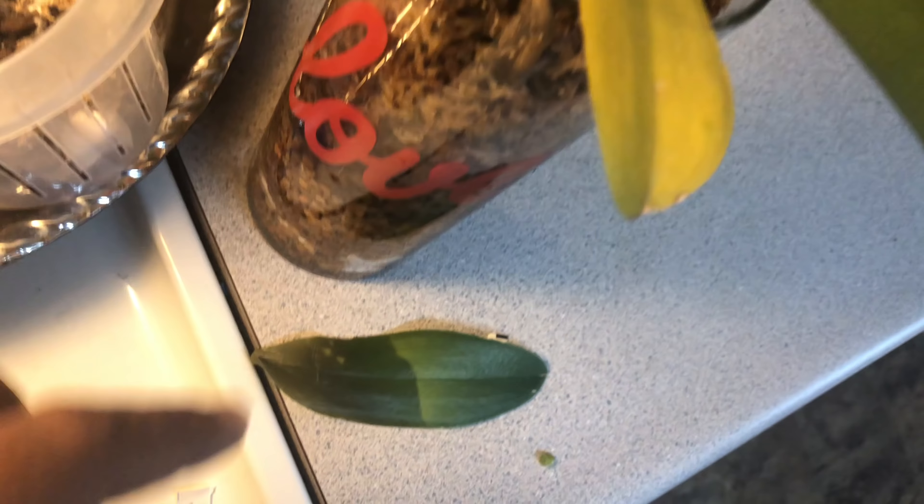My mom wants to repot this Phalaenopsis orchid that we got two weeks ago into some moss in a whole different pot. She says all the roots are out and they need to be in so they can stay wet a little bit - they're drying out. But you can't put them in dirt because it's gonna kill it. So we'll go ahead and repot it. While we were dealing with the roots, a bug came up out of that, and honey I went running and hollering and screaming.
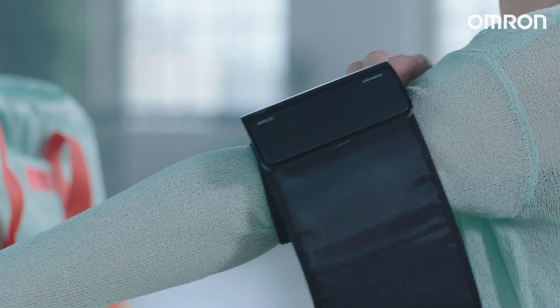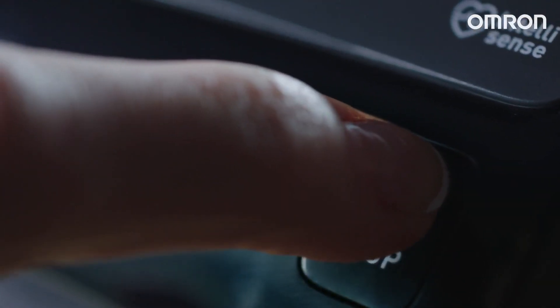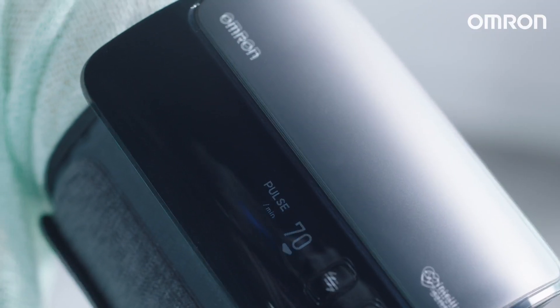To take a measurement, place the cuff on your upper arm, secure it, and press the Start-Stop button. Then wait until the readings appear on the screen.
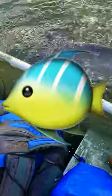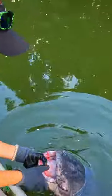Bam! Giant catfish. Now this is the most important part — you're gonna need a big enough net and scoop that bad boy into the boat. Finally you're gonna admire the fish and that's it.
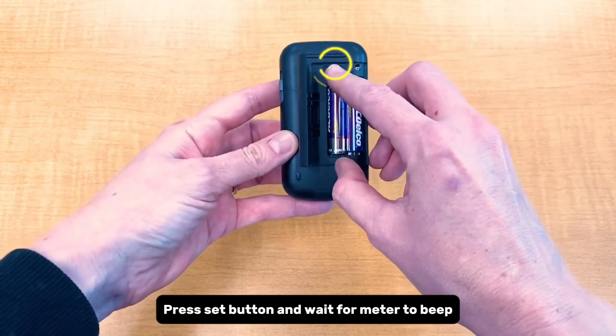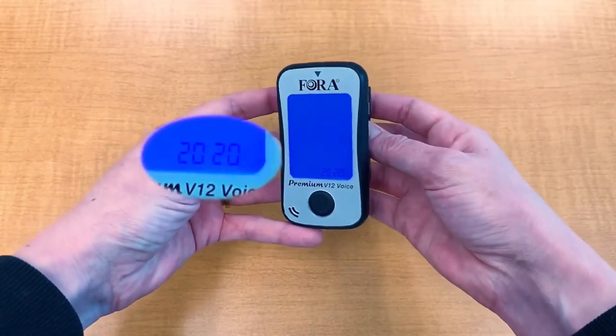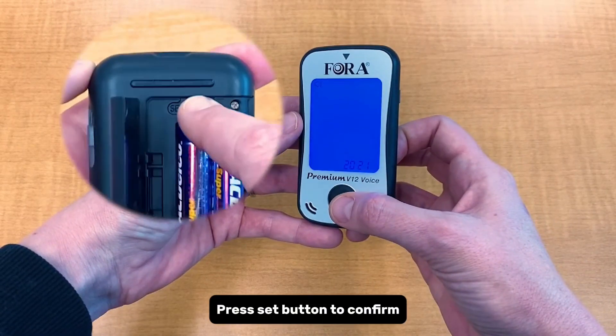Press the set button and wait for the meter to be ready. To set the year, press the main button to change the value, then press the set button to confirm.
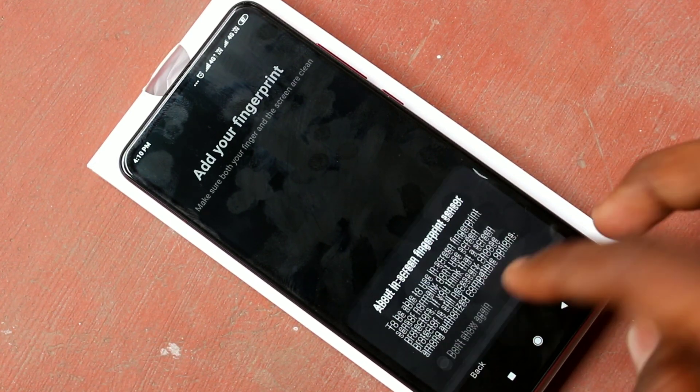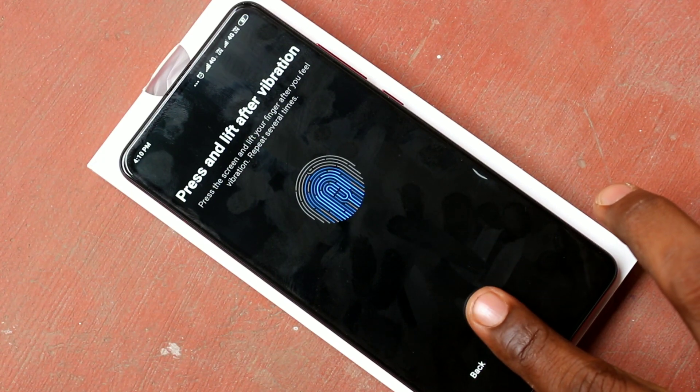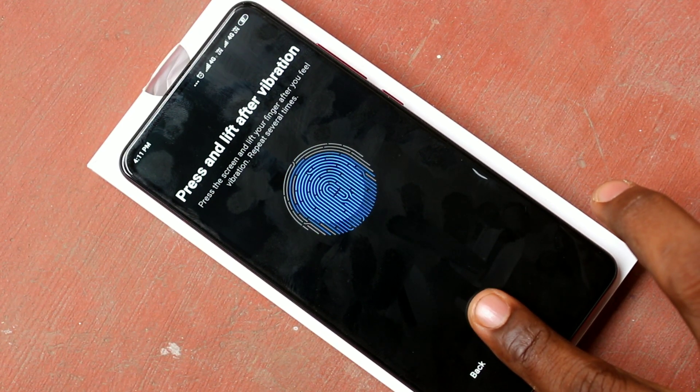Read the instructions. Click on it. Now place your finger on the in-display fingerprint provided here. Put your finger multiple times, just vary the position.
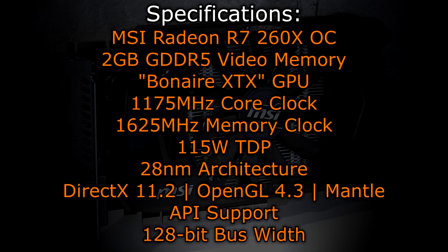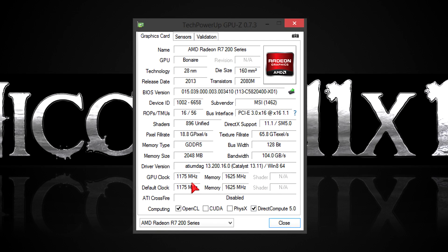The MSI R7 260X OC graphics card offers 2GB of GDDR5 video memory and uses the Bonaire XTX GPU. The core clock is at 1175MHz and the memory clock at 1625MHz. The TDP is 115 watts and the 28nm architecture is used. DirectX 11.2, OpenGL 4.3, as well as the new Mantle API are supported. The bus width is 128-bit. In GPU-Z you can see all the specs. I'm using the latest drivers, which are beta drivers for now. MSI factory overclocked this card already, but you can certainly squeeze out more performance by overclocking it yourself even further — the cooler definitely allows that. Now let's take a look at the benchmarking results.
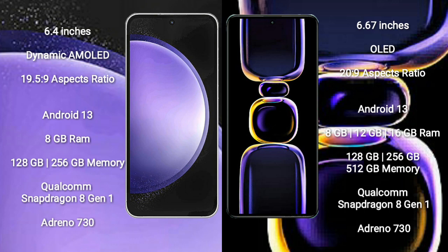The Samsung Galaxy S23 FE runs on the Android 13 operating system. The Redmi K60 also runs on the Android 13 operating system.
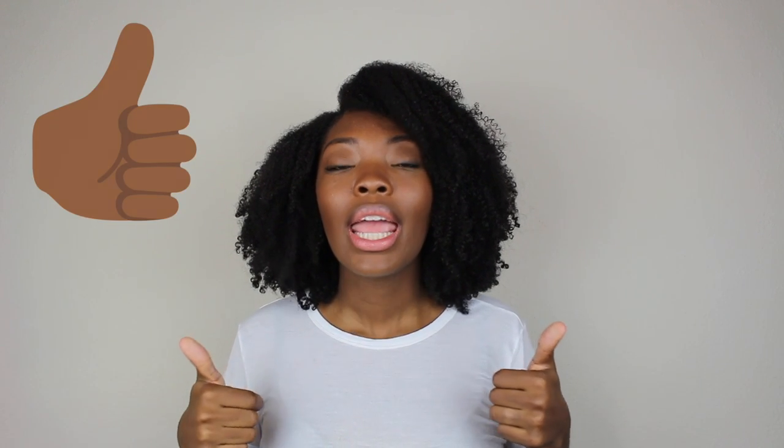I do need a trim, and I will get that at some point within the next few weeks. If you guys like this video, don't forget to give it a thumbs up and subscribe to my channel, as well as hit that bell notification so you never miss when I upload a new video. So without further ado, let's get right into this wash and go.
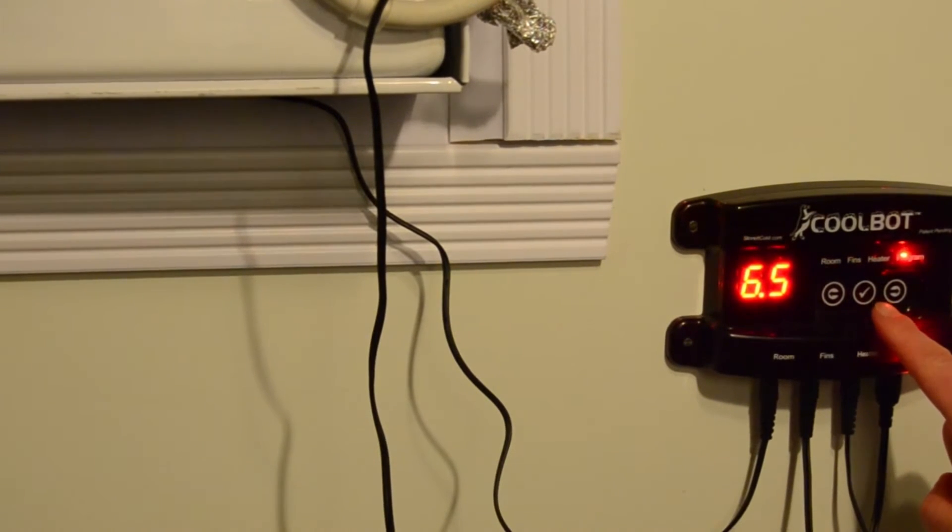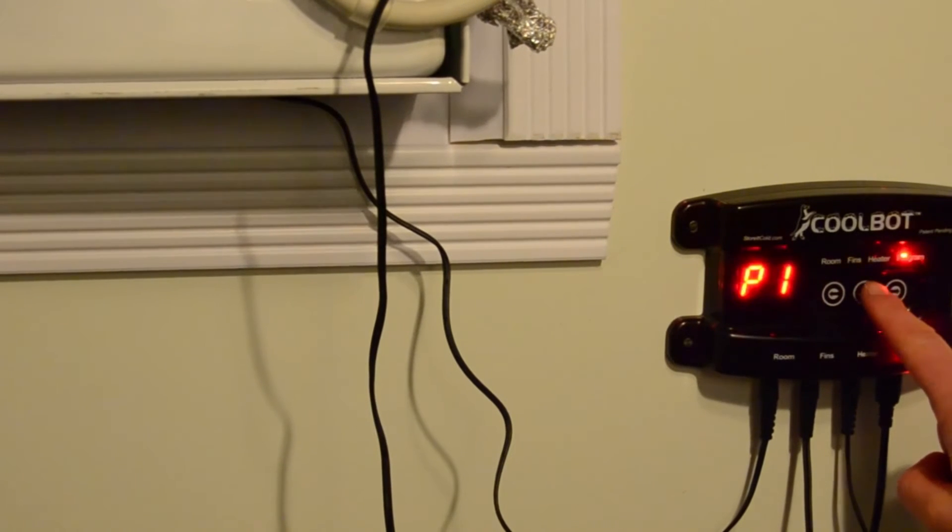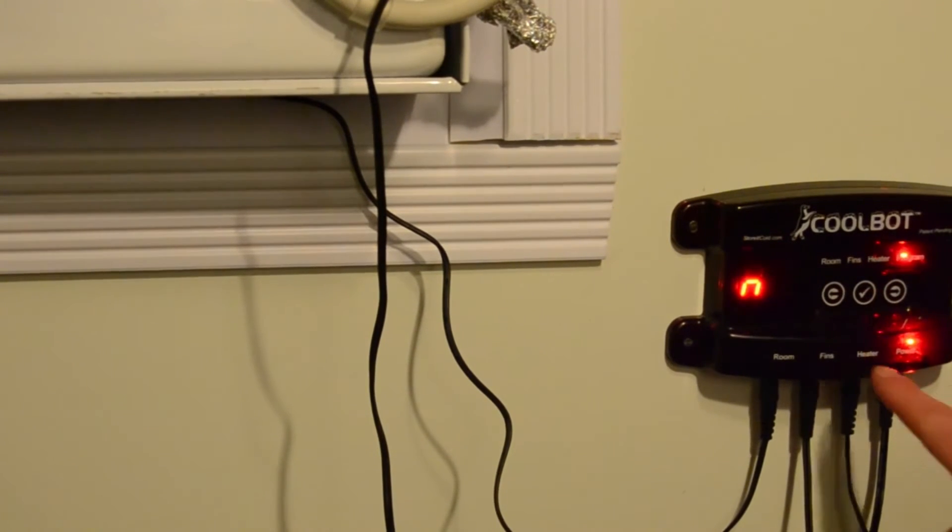Then press the middle checkmark button 5 times. It should now blink P1. Next, press the checkmark again to select P1. It will now display a lowercase n for no.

- [TASK TO CARRY OUT]: Above are the records. Copy word for word only their lines from the one holding "Bam! Giant catfish." through the one holding "Press the set button and", both included, and skip the images.

- [ANSWER SECTION]:
Bam! Giant catfish. Now this is the most important part — you're gonna need a big enough net and scoop that bad boy into the boat. Finally you're gonna admire the fish and that's it.
Press the set button and wait for the meter to be ready. To set the year, press the main button to change the value, then press the set button to confirm.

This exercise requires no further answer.